Samira has the intuitive ‘magic’ to feel the deep lying pulse of a city- sense what the end user desires, all the while maintaining the aesthetics, the quality, caring for the environment and keeping the cultural needs of that particular space in mind. With Iconic Galaxy, Rajagiriya, she began with research that tapped into the climate, the culture of the people, and most importantly their aspirations.
Central to Iconic Galaxy is that residents share a community feeling, so they enjoy living within to the maximum. While you are on the ground, there is a connection with the city, but up in the air it tends to disintegrate, so the sense of community has to be injected. This has been ingeniously solved by maximizing amenities, keeping in mind every type of person: women, children, nuclear families, young business persons, and senior citizens.
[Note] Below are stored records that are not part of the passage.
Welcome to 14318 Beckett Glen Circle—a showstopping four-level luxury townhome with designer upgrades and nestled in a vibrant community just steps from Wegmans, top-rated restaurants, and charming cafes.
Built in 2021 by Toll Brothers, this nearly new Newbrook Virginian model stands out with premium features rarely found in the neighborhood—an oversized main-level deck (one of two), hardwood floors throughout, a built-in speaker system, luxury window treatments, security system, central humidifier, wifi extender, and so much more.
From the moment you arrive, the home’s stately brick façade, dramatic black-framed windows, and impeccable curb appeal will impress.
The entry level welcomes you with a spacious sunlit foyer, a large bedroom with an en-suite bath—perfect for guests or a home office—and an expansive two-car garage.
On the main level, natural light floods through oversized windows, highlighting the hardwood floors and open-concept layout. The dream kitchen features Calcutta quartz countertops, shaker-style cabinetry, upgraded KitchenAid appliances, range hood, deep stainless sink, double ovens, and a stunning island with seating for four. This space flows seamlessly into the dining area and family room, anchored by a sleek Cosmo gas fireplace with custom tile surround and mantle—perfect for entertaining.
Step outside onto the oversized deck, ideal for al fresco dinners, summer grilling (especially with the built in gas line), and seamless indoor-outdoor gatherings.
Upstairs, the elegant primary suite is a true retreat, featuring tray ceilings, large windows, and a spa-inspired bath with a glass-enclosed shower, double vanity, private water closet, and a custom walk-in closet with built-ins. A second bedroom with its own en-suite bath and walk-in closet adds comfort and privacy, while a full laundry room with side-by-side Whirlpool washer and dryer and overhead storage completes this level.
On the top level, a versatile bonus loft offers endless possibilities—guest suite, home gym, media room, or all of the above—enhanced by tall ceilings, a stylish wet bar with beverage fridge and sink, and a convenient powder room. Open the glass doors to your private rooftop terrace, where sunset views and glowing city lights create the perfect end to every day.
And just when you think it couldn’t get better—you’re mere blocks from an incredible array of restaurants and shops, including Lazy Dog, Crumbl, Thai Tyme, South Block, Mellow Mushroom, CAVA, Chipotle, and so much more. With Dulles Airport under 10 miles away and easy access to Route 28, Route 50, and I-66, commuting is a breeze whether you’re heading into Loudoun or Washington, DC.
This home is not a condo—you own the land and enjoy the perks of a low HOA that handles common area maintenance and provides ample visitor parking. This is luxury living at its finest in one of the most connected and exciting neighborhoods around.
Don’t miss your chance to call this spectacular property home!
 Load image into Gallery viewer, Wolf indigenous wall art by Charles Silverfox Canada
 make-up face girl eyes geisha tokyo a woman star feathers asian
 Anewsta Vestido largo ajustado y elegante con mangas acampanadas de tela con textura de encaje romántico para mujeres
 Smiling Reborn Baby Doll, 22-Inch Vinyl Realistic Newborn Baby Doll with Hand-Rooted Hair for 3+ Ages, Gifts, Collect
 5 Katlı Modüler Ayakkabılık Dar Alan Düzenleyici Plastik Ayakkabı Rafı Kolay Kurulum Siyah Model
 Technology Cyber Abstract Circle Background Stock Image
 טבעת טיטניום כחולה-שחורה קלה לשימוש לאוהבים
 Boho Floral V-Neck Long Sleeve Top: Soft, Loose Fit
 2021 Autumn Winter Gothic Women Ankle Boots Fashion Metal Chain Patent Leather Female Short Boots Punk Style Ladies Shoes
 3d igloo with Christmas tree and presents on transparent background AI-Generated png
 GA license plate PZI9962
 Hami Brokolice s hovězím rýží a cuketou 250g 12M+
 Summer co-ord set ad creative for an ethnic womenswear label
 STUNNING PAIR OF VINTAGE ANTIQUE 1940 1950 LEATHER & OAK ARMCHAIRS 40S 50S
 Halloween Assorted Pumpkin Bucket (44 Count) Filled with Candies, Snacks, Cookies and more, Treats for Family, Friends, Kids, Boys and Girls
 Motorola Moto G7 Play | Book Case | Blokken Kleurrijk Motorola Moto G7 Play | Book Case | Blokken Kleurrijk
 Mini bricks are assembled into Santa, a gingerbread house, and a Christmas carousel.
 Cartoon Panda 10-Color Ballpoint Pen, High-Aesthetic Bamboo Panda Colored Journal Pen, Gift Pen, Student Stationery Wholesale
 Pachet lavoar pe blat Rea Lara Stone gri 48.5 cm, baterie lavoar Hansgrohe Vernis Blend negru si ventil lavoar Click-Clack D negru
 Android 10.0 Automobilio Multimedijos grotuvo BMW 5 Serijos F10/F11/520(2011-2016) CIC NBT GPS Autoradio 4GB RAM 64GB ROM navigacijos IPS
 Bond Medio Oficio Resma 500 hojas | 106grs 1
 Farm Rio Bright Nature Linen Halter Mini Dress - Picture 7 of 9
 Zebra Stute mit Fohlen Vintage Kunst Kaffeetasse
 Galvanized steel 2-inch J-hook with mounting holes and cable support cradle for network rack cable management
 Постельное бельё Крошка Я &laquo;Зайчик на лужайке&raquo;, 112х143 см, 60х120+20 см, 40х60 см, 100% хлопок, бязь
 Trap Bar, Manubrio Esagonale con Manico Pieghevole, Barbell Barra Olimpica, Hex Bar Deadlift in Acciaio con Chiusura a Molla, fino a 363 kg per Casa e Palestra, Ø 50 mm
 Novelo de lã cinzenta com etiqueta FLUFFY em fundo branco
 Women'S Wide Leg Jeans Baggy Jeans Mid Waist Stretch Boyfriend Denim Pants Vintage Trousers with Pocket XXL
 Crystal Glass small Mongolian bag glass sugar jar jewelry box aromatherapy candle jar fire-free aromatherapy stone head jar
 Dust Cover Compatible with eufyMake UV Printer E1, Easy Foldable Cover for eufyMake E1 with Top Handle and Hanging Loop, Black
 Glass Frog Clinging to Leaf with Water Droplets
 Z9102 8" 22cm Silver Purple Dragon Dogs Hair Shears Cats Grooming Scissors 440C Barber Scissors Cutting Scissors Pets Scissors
The sports facilities in Iconic Galaxy include squash, table tennis, a kids’ swimming pool and a large swimming pool, while there is also a library, a parlour, a massage parlour, and a business centre. There is a mini supermarket, a club in six levels, a rooftop terrace, a children’s play area; a tree house, a fragrance garden, an amphitheatre, a topiary maze as well as the rooftop observatory (which gives the skyscraper its name, Galaxy).
One of the most thoughtful additions is the guest rooms, where residents can let their overnight visitors stay, paying only a nominal fee. Greenery too had to be incorporated into the skyscraper. To Samira, her first vision of Colombo was the pleasant presence of so much greenery. She has allowed the soothing presence to invade the complex as much as possible. The building seems to rise from a green oasis while the rooftop is also lushly verdant.
However, one thing that Galaxy gives absolute priority to is the stout safety measures. Recalling the London fires that wrecked havoc in the great capital, Samira and Pranab point out that many major buildings do get away without primary measures like more than one staircase and refugee floors.
Galaxy is equipped with two staircases, four elevators, and fire safety norms are maintained in all the refugee floors. Though flooding would be a rare contingency, a large stilt area, which is out of sight, is maintained in case of an emergency.